# [RECORD EXCERPTS]
++++++++++

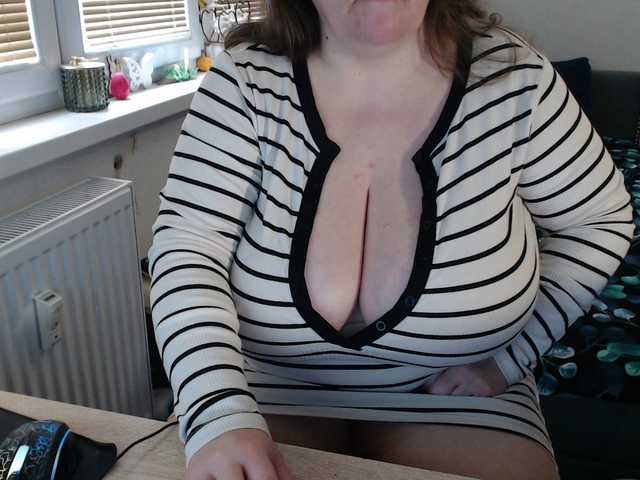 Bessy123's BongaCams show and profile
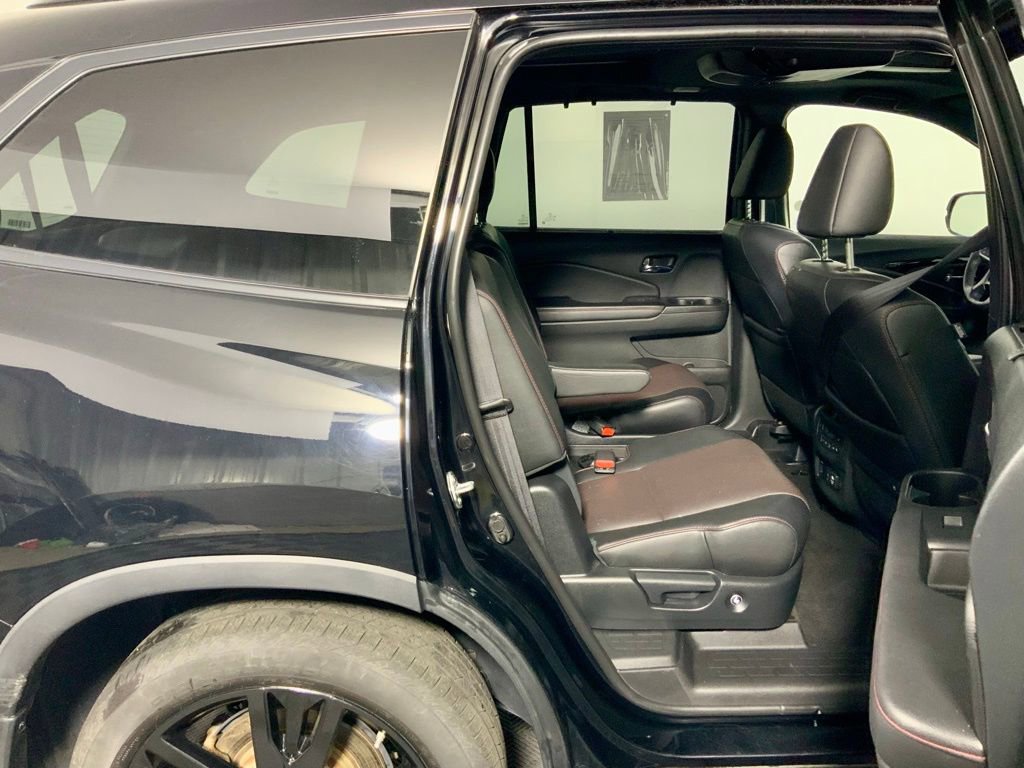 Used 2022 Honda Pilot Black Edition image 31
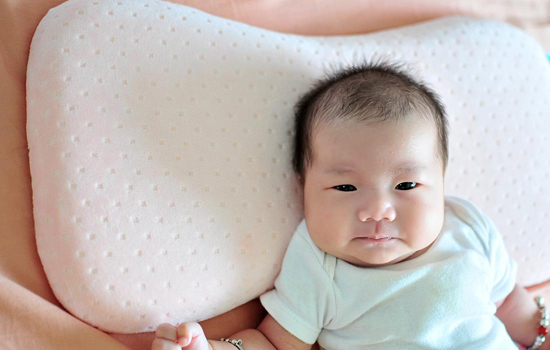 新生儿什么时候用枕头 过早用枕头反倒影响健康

++++++++++

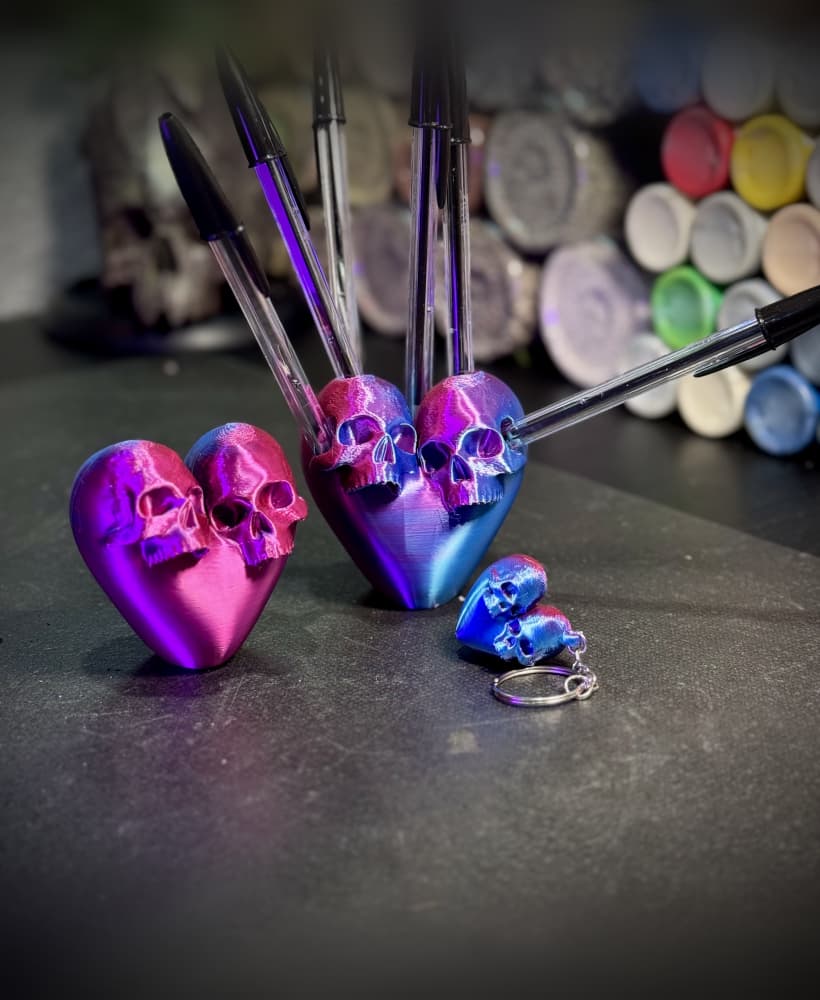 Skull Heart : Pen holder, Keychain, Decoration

++++++++++

# [ACTIVITY]
From the records above, transcribe only the stretch from the line with "Bessy123's BongaCams show and profile" through the line with "新生儿什么时候用枕头 过早用枕头反倒影响健康", keeping both ends. Omit pictures.

# [ANSWER TO THIS EXERCISE]
 Bessy123's BongaCams show and profile
 Used 2022 Honda Pilot Black Edition image 31
 新生儿什么时候用枕头 过早用枕头反倒影响健康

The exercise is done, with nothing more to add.